__What to do__
Transcribe every record as it stands and set the images aside.

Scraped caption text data
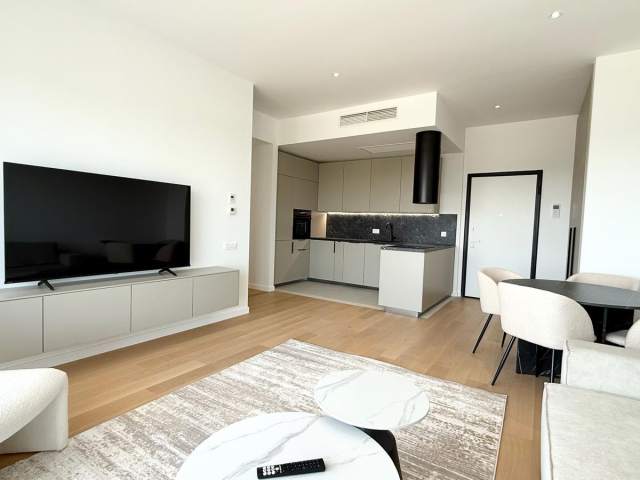 Apartament cu 3 camere de închiriat în One Verdi Park, Floreasca, București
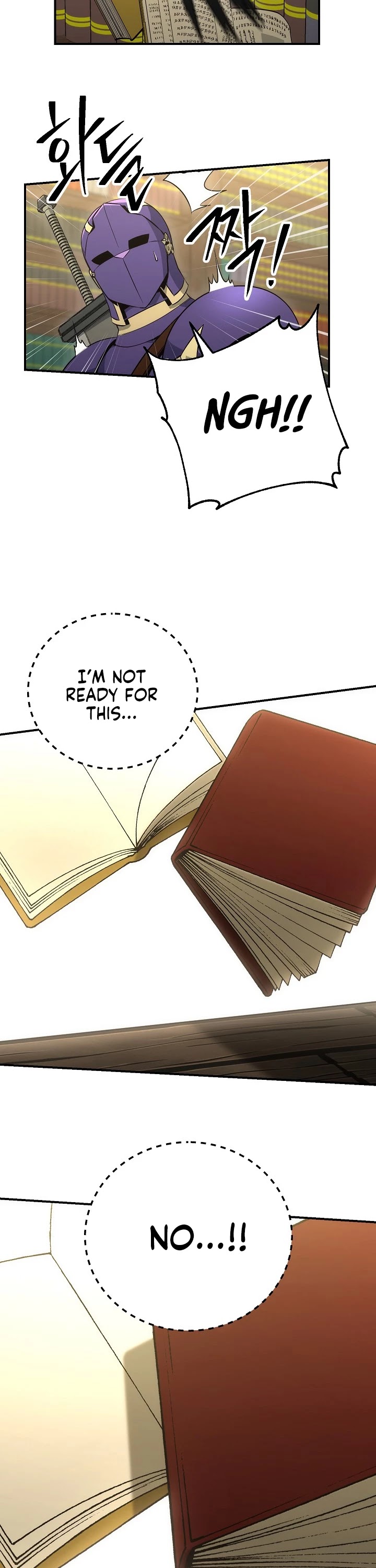 Skeleton Soldier Couldn’t Protect the Dungeon chapter 158 page 56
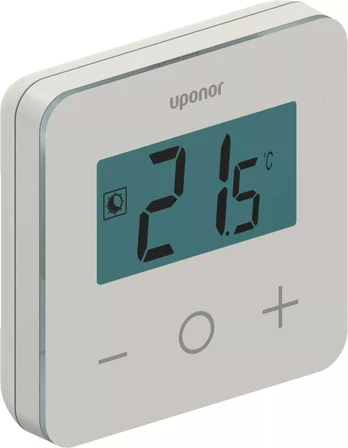 Termostatas Uponor Base, T-27 230V baltas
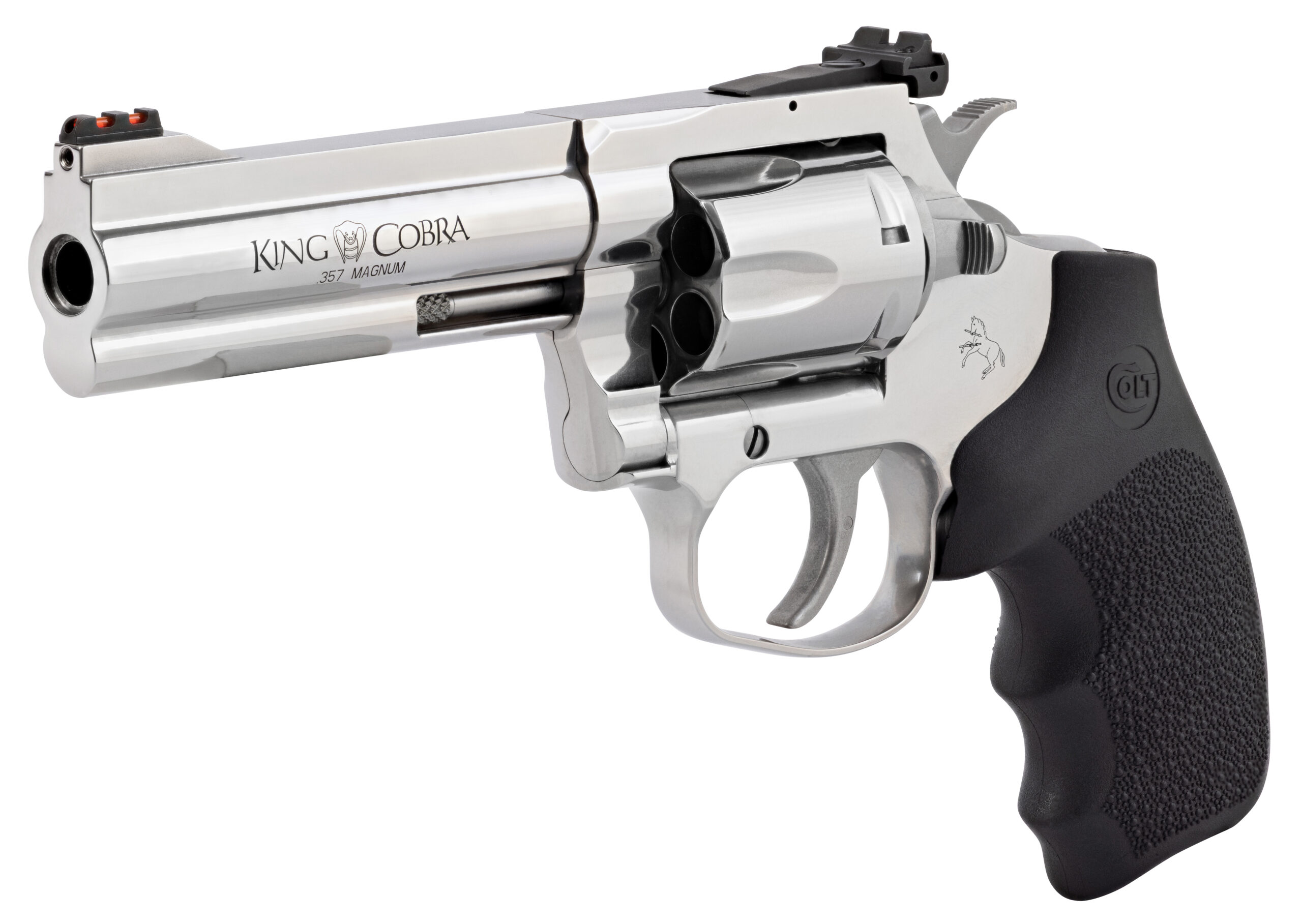 CLT KING COBRA TARGET 357MAG 4.25 SS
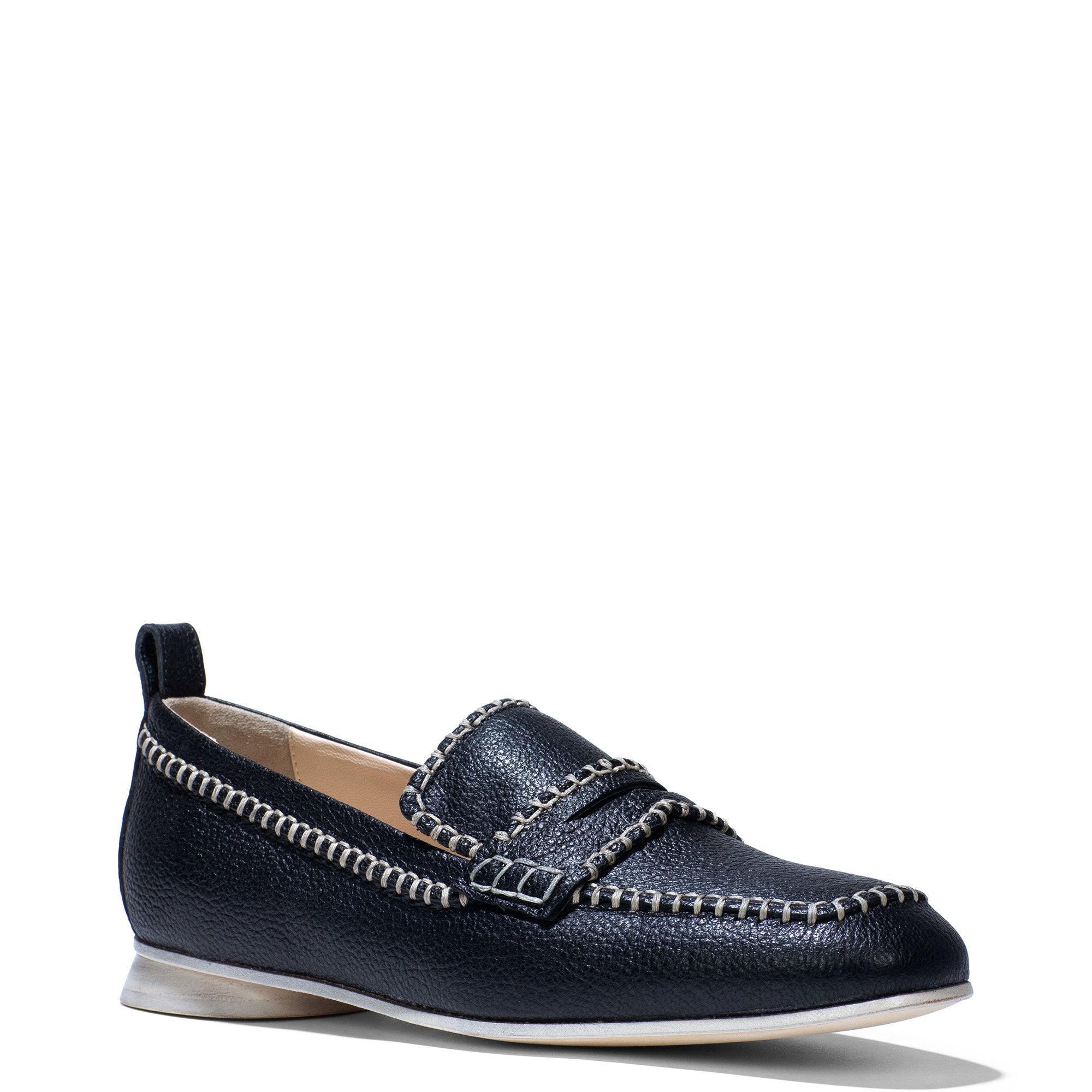 UPTON - Black | Donald Pliner Casual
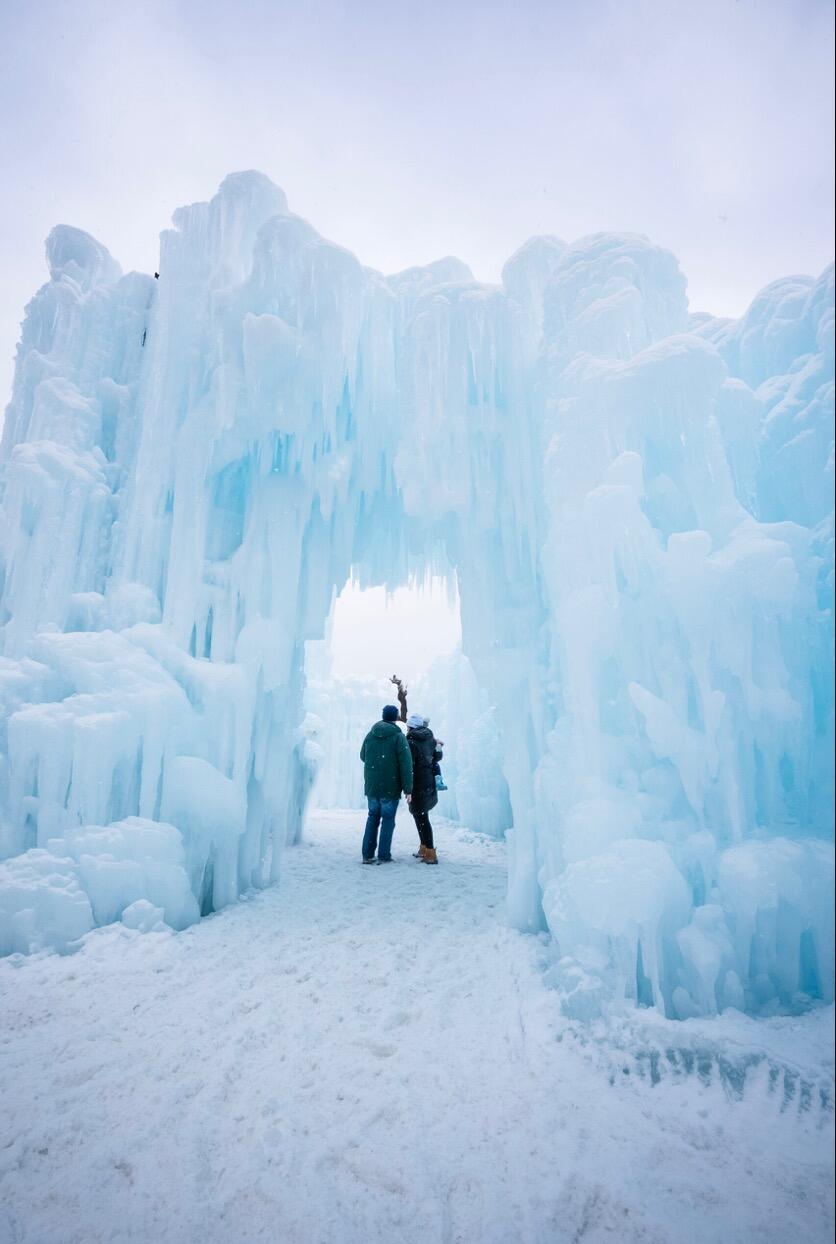 Picture of Ice Castles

__Response to this exercise__
 Apartament cu 3 camere de închiriat în One Verdi Park, Floreasca, București
 Skeleton Soldier Couldn’t Protect the Dungeon chapter 158 page 56
 Termostatas Uponor Base, T-27 230V baltas
 CLT KING COBRA TARGET 357MAG 4.25 SS
 UPTON - Black | Donald Pliner Casual
 Picture of Ice Castles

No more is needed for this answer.